*** SUPPLIED MATERIAL Section Begins ***
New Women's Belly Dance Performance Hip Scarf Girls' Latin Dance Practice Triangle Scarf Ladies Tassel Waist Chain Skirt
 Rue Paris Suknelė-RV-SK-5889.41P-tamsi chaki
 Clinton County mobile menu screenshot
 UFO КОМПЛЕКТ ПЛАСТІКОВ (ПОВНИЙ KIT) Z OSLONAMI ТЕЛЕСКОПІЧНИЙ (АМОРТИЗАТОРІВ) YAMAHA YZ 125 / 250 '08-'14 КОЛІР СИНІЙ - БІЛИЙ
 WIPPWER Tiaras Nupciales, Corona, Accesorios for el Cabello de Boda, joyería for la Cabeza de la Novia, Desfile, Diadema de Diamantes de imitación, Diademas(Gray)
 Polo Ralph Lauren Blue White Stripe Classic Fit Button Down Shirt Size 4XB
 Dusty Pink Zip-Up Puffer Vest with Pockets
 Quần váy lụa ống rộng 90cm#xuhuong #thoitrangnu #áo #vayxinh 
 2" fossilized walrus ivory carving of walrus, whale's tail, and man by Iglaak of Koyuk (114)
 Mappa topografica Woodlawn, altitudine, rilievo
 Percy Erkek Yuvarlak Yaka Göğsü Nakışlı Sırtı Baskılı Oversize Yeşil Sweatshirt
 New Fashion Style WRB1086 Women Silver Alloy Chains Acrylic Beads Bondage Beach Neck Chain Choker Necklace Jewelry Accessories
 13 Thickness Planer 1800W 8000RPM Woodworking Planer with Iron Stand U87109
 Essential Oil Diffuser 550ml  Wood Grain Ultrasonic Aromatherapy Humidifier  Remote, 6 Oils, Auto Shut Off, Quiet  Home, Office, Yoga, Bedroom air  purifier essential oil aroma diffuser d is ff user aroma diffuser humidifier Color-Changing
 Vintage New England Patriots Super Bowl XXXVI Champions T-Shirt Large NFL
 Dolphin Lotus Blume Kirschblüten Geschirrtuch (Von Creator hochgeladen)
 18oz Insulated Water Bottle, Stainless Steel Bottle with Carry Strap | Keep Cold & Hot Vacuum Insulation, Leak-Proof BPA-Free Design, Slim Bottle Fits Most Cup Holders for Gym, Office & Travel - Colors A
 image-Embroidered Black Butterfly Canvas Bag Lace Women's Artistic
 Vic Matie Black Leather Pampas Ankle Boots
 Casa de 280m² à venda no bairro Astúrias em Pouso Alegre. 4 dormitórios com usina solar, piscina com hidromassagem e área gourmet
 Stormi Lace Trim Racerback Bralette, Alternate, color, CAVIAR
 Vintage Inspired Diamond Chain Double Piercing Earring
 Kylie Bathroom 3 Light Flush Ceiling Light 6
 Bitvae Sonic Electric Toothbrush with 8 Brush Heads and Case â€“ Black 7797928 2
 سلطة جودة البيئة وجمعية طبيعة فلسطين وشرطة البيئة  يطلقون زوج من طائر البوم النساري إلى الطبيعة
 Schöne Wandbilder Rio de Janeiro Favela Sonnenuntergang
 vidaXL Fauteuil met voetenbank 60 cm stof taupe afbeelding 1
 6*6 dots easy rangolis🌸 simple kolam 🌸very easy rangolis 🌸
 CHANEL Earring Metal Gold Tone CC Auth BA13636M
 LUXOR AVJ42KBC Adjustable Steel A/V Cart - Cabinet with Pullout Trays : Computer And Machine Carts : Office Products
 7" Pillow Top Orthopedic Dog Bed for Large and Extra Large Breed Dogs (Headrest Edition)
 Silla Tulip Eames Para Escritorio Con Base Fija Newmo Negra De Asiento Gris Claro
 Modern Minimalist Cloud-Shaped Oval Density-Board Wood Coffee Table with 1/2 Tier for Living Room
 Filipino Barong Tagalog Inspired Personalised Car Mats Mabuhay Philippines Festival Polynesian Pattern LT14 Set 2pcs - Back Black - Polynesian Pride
*** SUPPLIED MATERIAL Section Ends ***
[WORK TO COMPLETE] Copy exactly the lines above, starting at the opening line and finishing at the line in which "of Koyuk (114)" occurs.

[TASK RESPONSE]
New Women's Belly Dance Performance Hip Scarf Girls' Latin Dance Practice Triangle Scarf Ladies Tassel Waist Chain Skirt
 Rue Paris Suknelė-RV-SK-5889.41P-tamsi chaki
 Clinton County mobile menu screenshot
 UFO КОМПЛЕКТ ПЛАСТІКОВ (ПОВНИЙ KIT) Z OSLONAMI ТЕЛЕСКОПІЧНИЙ (АМОРТИЗАТОРІВ) YAMAHA YZ 125 / 250 '08-'14 КОЛІР СИНІЙ - БІЛИЙ
 WIPPWER Tiaras Nupciales, Corona, Accesorios for el Cabello de Boda, joyería for la Cabeza de la Novia, Desfile, Diadema de Diamantes de imitación, Diademas(Gray)
 Polo Ralph Lauren Blue White Stripe Classic Fit Button Down Shirt Size 4XB
 Dusty Pink Zip-Up Puffer Vest with Pockets
 Quần váy lụa ống rộng 90cm#xuhuong #thoitrangnu #áo #vayxinh 
 2" fossilized walrus ivory carving of walrus, whale's tail, and man by Iglaak of Koyuk (114)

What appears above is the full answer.